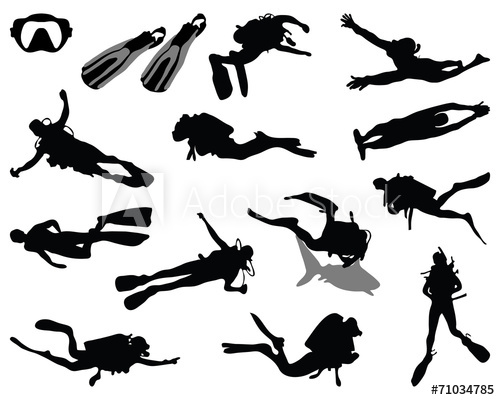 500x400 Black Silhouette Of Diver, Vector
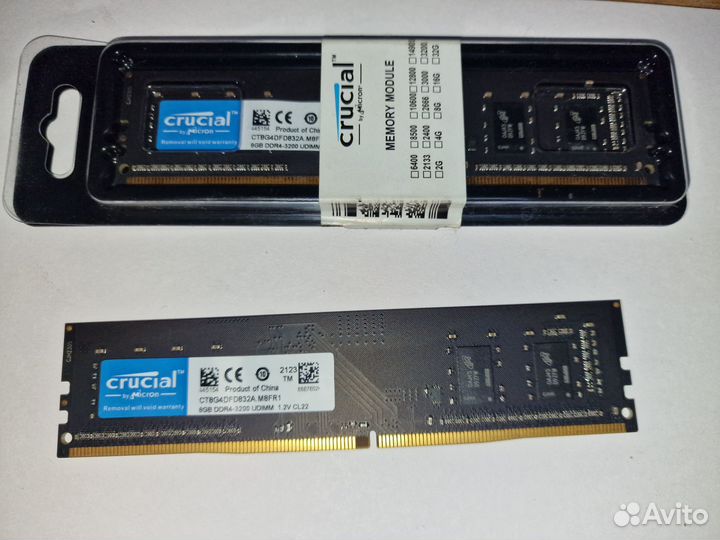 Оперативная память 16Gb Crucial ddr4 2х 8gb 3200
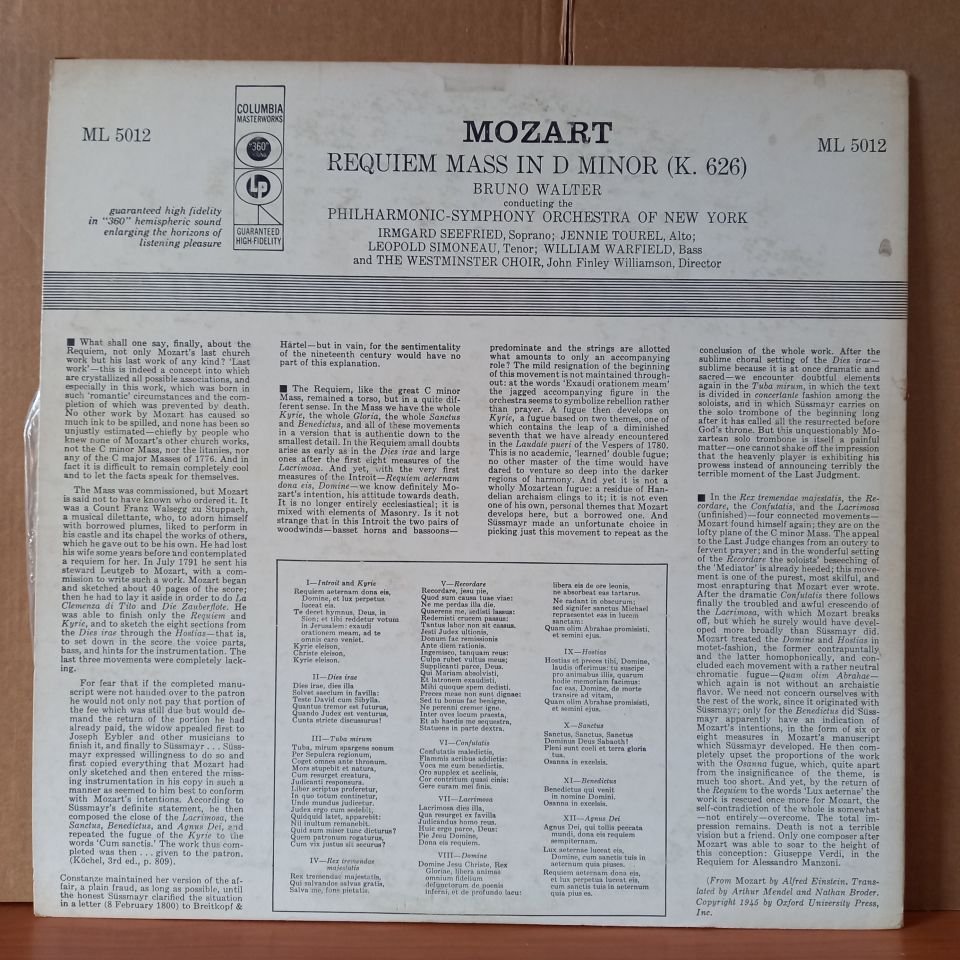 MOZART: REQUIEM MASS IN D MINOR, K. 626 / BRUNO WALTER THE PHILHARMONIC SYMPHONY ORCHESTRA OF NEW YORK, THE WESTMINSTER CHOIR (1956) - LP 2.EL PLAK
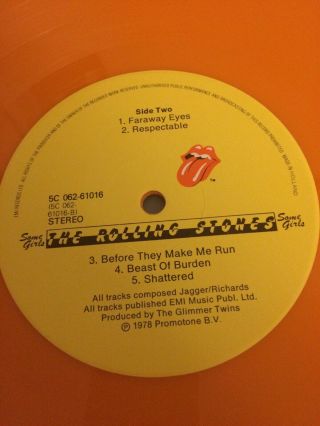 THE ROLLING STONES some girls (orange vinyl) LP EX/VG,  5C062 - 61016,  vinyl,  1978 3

* * *

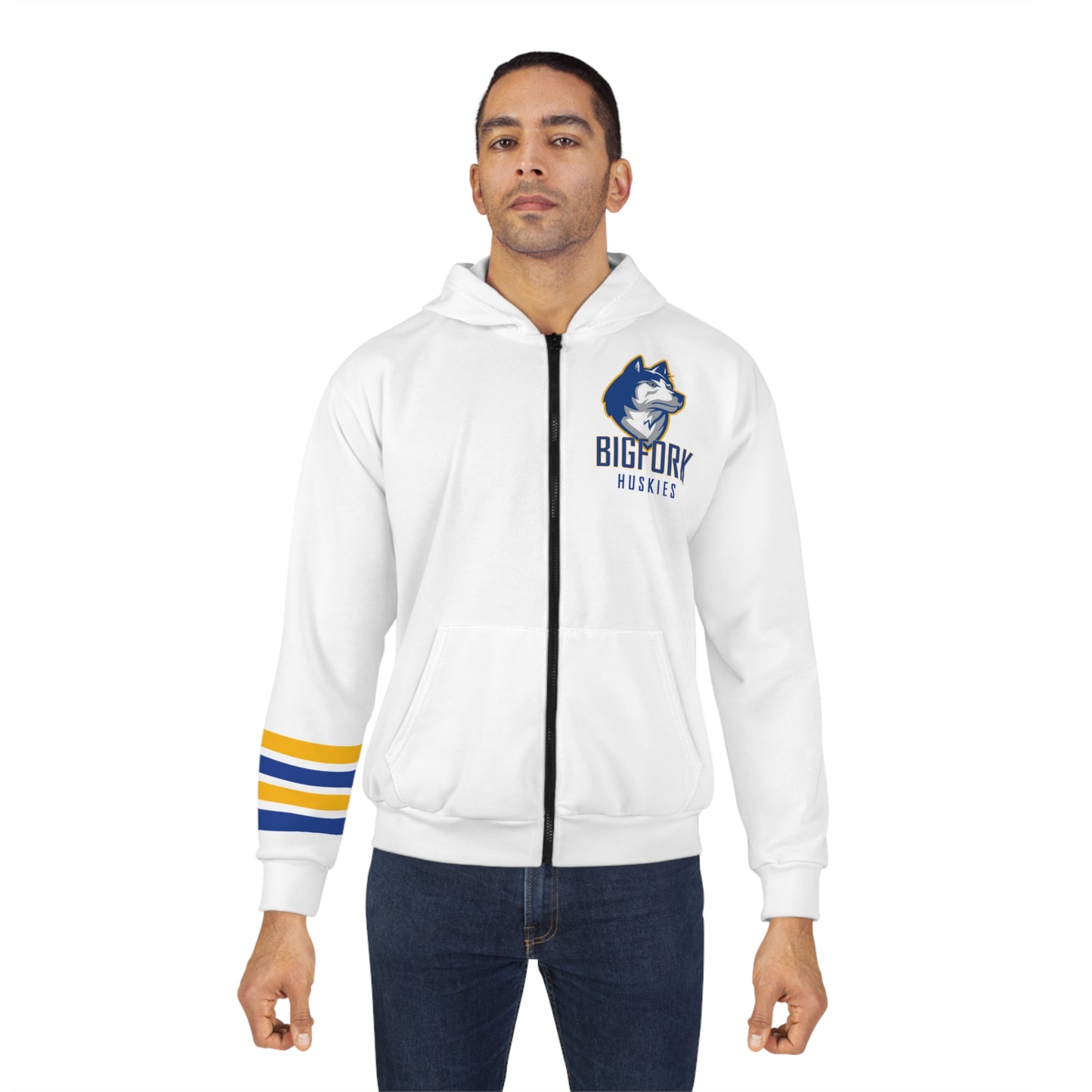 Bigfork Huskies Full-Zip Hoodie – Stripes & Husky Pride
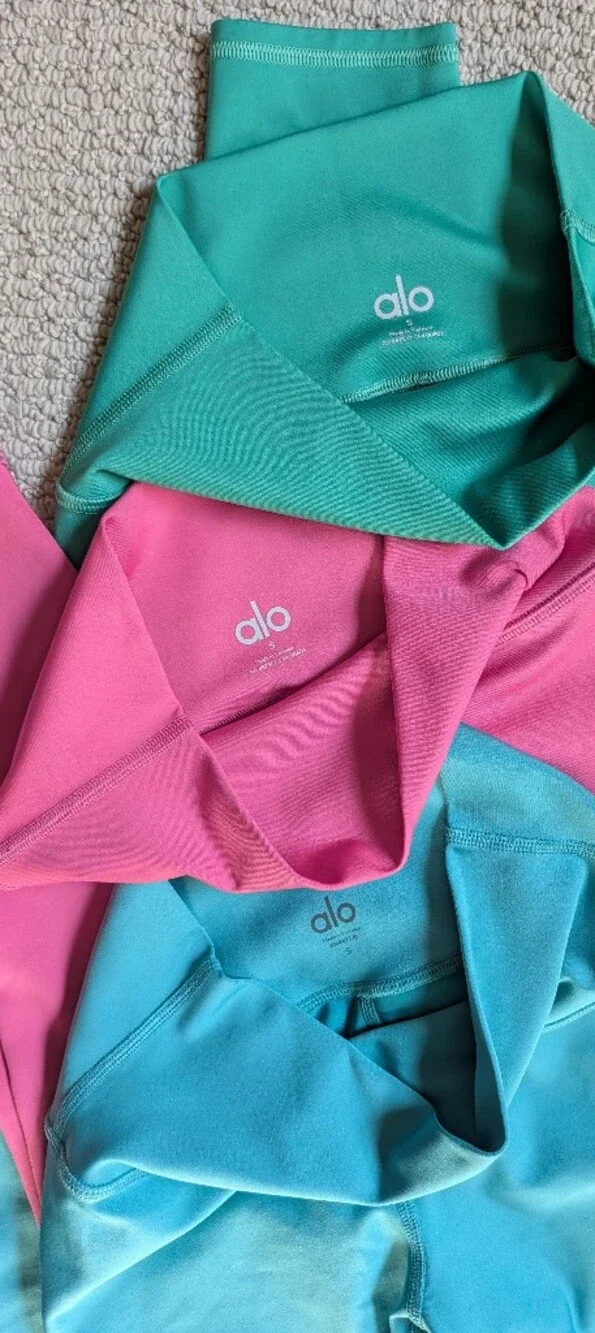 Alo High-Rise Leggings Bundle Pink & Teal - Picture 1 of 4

# [Activity]
Out of the records above, set down only the lines from the one that contains "500x400 Black Silhouette Of Diver, Vector" through the one that contains "THE ROLLING STONES", unchanged and without the pictures.

# [Your solution]
 500x400 Black Silhouette Of Diver, Vector
 Оперативная память 16Gb Crucial ddr4 2х 8gb 3200
 MOZART: REQUIEM MASS IN D MINOR, K. 626 / BRUNO WALTER THE PHILHARMONIC SYMPHONY ORCHESTRA OF NEW YORK, THE WESTMINSTER CHOIR (1956) - LP 2.EL PLAK
 THE ROLLING STONES some girls (orange vinyl) LP EX/VG,  5C062 - 61016,  vinyl,  1978 3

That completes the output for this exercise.